Identifying subgroups based on continuous measurements in individual patient data meta-analysis

Article type
Authors
Belias M1, Rovers M2, Reitsma JB3, Debray TPA3, IntHout J1
1Radboud Institute for Health Sciences, Department for Health Evidence, Radboud University Medical Center Nijmegen
2Department for Health Evidence and Department of Operating Rooms, Radboud University Medical Center Nijmegen; Julius Center for Health Sciences and Primary Care, University Medical Center Utrecht
3Julius Center for Health Sciences and Primary Care and Dutch Cochrane Center, University Medical Center Utrecht
Abstract
Background: Individual patient data meta-analysis (IPD-MA) is increasingly used to analyse heterogeneity of treatment effects. Linearity assumptions are often made when examining subgroups based on continuous measurements. However, several more flexible methods exist.
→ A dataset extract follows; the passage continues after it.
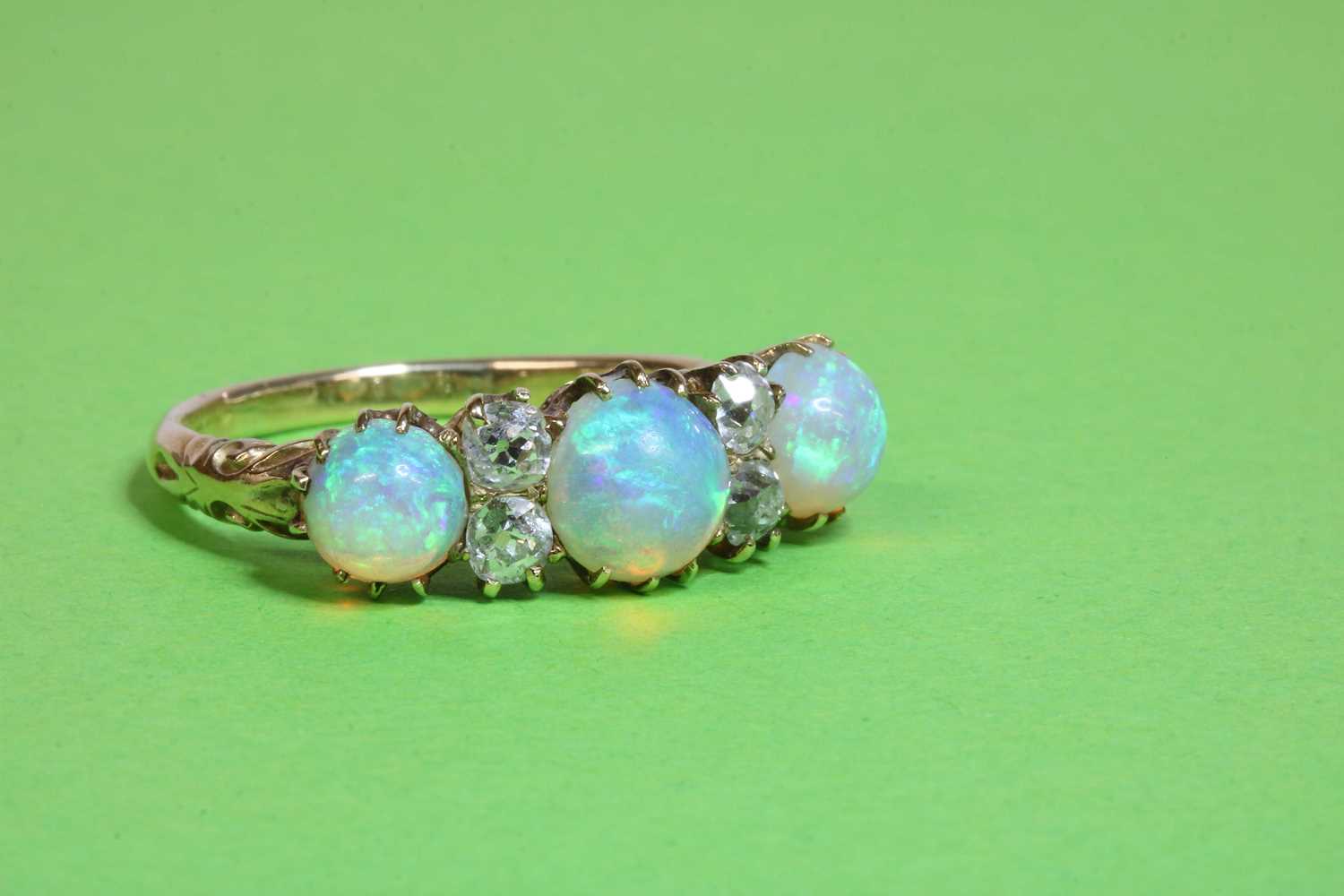 A Victorian seven stone opal and diamond carved head style ring, - Image 3 of 6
Objectives: Our goal is to illustrate, critically review and compare state of the art methods on subgroup effects identification in IPD-MA, based on continuous measurements.

Methods: We reviewed META-STEPP, generalized additive mixed effects models, (multi-level) regression models involving fractional polynomials or splines and several tree-based approaches.

We applied the methods above to two empirical examples: prescription of antibiotics in children with otitis media and anti-platelet treatment in secondary stroke prevention.

Results: We will provide treatment effect plots to visualize subgroup effects within and across studies.

Conclusions: We will explain the advantages and limitations of the aforementioned methods.

Patient or healthcare consumer involvement: Our research will provide insight into recently developed statistical methods, to make better use of existing data for the benefit of individual patients. We aim to improve patient-centered health care.